0

So, I have this database with thousands of rows and columns. At the start of the program I load the data and assign a variable to it:

data=np.loadtxt('database1.txt',delimiter=',')

Since this database contains many elements, it takes minutes to start the program. Is there a way in Python (similar to .mat files in matlab) which makes me only load the data once even when I stop the program then run it again?

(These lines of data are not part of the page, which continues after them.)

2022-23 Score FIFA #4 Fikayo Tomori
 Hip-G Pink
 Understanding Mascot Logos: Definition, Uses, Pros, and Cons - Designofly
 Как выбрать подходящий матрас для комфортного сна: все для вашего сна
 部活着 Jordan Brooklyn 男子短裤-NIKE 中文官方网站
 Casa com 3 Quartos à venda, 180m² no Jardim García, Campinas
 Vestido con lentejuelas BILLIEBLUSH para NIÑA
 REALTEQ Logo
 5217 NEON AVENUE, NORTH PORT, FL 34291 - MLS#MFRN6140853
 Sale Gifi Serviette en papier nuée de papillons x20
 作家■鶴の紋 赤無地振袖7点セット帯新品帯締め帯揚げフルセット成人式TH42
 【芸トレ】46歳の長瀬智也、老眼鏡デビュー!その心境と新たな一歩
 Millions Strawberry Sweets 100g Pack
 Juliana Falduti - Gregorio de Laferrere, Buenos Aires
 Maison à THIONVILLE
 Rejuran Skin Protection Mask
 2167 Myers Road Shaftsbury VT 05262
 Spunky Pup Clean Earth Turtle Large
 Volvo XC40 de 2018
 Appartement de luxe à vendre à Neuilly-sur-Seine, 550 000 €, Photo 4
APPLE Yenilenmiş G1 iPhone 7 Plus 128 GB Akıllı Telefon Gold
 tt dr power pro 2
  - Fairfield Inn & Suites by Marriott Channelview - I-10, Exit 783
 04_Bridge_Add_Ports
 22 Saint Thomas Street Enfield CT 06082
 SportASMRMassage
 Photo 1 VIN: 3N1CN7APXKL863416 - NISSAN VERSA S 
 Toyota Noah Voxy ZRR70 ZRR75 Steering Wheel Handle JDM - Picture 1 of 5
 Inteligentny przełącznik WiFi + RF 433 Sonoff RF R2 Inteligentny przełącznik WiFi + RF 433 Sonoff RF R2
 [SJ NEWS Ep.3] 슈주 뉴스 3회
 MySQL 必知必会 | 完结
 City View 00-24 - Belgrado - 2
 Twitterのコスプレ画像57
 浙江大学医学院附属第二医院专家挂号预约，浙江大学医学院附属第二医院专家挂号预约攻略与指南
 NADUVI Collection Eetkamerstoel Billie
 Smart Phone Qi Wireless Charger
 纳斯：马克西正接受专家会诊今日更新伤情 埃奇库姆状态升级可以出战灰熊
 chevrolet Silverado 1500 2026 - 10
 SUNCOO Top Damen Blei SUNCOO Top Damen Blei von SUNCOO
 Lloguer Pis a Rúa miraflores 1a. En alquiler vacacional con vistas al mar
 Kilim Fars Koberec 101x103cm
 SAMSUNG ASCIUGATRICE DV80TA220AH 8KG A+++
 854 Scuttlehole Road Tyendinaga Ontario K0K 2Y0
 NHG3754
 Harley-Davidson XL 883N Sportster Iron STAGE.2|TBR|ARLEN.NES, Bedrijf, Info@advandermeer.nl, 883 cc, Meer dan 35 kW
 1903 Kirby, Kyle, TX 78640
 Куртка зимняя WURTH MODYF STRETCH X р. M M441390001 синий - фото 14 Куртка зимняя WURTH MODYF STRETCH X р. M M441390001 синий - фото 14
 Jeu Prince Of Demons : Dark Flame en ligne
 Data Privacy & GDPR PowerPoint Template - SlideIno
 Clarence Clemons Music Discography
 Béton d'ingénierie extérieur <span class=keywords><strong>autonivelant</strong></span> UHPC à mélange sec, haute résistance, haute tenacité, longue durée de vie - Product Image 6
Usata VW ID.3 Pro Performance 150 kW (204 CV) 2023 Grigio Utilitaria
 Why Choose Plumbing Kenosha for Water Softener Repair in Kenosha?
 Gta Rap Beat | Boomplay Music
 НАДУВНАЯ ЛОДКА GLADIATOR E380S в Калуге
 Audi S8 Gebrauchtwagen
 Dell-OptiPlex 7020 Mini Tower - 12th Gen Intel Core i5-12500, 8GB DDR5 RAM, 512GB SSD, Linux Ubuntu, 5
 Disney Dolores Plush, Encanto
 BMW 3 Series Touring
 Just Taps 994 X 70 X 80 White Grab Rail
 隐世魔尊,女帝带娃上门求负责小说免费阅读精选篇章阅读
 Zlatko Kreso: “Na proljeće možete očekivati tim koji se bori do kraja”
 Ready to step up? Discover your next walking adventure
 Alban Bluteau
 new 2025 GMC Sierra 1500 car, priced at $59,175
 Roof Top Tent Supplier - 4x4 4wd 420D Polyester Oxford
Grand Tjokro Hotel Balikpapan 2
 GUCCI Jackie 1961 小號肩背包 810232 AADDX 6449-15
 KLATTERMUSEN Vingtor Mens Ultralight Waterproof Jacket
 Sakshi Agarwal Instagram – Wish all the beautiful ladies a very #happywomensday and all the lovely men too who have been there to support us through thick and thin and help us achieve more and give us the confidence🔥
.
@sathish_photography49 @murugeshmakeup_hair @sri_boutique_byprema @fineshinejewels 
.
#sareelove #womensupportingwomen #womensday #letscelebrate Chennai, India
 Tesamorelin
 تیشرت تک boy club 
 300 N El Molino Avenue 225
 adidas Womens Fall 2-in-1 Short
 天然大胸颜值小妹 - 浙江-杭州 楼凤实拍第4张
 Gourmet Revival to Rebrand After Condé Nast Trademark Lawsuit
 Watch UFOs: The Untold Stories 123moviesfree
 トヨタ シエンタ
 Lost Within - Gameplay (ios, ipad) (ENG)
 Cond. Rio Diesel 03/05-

Currenly my time is wasted waiting for the program to load the data if I just change a small thing for testing.

Forenkazan1
  • 61
  • 1
  • 3

2 Answers2

0

Firstly, the Numpy package isn't good to read a large file, the Pandas package it's so strongly.
So just stop using np.loadtxt and start using pd.read_csv instead.
But, if you want to use it
I think that the np.fromfile() module is more efficient and faster than np.loadtxt().
So, my advice try:

data = np.fromfile('database1.txt', sep=',')

instead of:

data = np.loadtxt('database1.txt',delimiter=',')
Mahrez BenHamad
  • 1,791
  • 1
  • 15
  • 21
0

You could pickle to cache your data.

import pickle
import os
import numpy as np
if os.path.isfile("cache.p"):
     with open("cache.p","rb") as f:
        data=pickle.load(f)
else:
    data=data=np.loadtxt('database1.txt',delimiter=',')
    with open("cache.p","wb") as f:
        pickle.dump(data,f)

The first time it will be very slow, then in later executions it will be pretty fast.

just tested with a file containing 1 million rows and 20 columns of random floats, it took ~30s the first time, and ~0.4s the following times.